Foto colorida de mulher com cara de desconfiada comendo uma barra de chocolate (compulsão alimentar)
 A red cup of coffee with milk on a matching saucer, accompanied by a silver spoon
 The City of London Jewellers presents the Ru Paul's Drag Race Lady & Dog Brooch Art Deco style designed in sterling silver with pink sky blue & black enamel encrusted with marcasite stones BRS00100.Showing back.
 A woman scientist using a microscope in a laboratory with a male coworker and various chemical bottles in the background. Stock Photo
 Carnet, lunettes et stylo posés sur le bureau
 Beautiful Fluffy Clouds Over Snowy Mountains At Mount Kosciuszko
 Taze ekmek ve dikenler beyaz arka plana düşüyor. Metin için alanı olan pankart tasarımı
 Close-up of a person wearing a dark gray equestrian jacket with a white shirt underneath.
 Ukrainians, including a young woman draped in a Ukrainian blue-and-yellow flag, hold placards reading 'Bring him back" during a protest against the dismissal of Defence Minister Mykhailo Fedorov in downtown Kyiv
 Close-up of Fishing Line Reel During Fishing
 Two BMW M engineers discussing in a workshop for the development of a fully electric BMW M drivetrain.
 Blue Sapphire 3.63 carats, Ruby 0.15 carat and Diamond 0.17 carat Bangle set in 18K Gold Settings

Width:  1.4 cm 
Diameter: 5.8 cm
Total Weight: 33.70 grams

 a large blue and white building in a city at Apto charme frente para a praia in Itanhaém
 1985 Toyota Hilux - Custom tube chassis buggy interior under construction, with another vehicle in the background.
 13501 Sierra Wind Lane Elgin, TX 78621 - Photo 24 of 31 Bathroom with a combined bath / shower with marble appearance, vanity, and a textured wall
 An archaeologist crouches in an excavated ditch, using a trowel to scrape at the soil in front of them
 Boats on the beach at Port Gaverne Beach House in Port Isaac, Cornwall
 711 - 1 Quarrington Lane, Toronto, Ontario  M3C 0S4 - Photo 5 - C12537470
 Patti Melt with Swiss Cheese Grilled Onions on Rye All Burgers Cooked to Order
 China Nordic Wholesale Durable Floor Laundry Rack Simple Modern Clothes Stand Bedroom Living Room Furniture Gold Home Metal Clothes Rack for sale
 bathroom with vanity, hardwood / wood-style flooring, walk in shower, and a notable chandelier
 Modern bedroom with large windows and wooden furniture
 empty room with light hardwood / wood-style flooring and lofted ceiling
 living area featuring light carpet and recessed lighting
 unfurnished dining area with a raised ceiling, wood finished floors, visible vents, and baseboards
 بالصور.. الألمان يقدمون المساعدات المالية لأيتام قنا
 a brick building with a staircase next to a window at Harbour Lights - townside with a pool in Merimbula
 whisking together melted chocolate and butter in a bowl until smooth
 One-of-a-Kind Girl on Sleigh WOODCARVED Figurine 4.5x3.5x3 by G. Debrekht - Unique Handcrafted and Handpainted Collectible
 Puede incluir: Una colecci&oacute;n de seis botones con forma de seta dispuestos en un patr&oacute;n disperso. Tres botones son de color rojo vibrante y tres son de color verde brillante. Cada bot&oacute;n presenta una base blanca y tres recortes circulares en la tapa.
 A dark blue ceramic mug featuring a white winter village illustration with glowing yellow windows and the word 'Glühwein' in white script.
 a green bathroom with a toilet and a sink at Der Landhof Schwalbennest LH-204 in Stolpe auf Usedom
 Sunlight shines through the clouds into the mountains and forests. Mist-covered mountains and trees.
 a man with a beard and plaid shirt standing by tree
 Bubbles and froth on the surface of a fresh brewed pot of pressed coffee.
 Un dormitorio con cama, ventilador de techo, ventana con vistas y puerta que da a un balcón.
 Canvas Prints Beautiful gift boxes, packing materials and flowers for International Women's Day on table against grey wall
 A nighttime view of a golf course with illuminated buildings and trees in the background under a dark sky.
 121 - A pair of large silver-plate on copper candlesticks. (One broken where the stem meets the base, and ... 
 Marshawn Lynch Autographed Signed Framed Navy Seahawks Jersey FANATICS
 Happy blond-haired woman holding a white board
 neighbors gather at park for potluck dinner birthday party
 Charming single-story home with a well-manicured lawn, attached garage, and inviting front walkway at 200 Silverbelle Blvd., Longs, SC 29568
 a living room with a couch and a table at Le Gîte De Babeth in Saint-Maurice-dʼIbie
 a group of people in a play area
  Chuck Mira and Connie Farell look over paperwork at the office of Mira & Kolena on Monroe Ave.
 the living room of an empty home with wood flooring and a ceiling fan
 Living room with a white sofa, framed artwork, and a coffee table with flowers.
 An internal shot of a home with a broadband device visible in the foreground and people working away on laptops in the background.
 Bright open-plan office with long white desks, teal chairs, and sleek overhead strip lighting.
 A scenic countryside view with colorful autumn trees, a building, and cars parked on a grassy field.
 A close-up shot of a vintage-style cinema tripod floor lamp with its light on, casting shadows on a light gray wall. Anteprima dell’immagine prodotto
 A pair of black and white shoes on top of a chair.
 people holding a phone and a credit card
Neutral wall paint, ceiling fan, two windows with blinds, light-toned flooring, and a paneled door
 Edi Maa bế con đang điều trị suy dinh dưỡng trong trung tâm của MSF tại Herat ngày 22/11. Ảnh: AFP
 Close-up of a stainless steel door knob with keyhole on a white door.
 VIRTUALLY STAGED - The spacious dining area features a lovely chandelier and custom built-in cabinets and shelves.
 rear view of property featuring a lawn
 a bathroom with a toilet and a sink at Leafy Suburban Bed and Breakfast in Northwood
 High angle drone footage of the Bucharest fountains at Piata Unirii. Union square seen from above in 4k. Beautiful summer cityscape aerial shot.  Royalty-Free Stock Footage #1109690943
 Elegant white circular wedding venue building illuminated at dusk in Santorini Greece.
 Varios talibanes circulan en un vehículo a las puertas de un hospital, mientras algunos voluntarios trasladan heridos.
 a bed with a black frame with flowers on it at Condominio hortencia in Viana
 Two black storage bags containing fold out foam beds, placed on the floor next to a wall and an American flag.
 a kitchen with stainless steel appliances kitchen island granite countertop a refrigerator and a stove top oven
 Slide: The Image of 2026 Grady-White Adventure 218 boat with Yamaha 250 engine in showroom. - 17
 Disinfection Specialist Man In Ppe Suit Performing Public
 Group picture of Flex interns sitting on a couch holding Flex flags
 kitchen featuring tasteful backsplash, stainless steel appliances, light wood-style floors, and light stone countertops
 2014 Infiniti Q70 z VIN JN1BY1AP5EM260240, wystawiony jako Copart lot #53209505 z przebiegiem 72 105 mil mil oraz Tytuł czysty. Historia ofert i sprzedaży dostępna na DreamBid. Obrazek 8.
○ ○ ○ ○ ○
→ Work instruction
Please give back exactly the lines of the listing above that run from the one containing "Carnet, lunettes et" through the one containing "1985 Toyota Hilux", and only those.

→ Exercise result
 Carnet, lunettes et stylo posés sur le bureau
 Beautiful Fluffy Clouds Over Snowy Mountains At Mount Kosciuszko
 Taze ekmek ve dikenler beyaz arka plana düşüyor. Metin için alanı olan pankart tasarımı
 Close-up of a person wearing a dark gray equestrian jacket with a white shirt underneath.
 Ukrainians, including a young woman draped in a Ukrainian blue-and-yellow flag, hold placards reading 'Bring him back" during a protest against the dismissal of Defence Minister Mykhailo Fedorov in downtown Kyiv
 Close-up of Fishing Line Reel During Fishing
 Two BMW M engineers discussing in a workshop for the development of a fully electric BMW M drivetrain.
 Blue Sapphire 3.63 carats, Ruby 0.15 carat and Diamond 0.17 carat Bangle set in 18K Gold Settings

Width:  1.4 cm 
Diameter: 5.8 cm
Total Weight: 33.70 grams

 a large blue and white building in a city at Apto charme frente para a praia in Itanhaém
 1985 Toyota Hilux - Custom tube chassis buggy interior under construction, with another vehicle in the background.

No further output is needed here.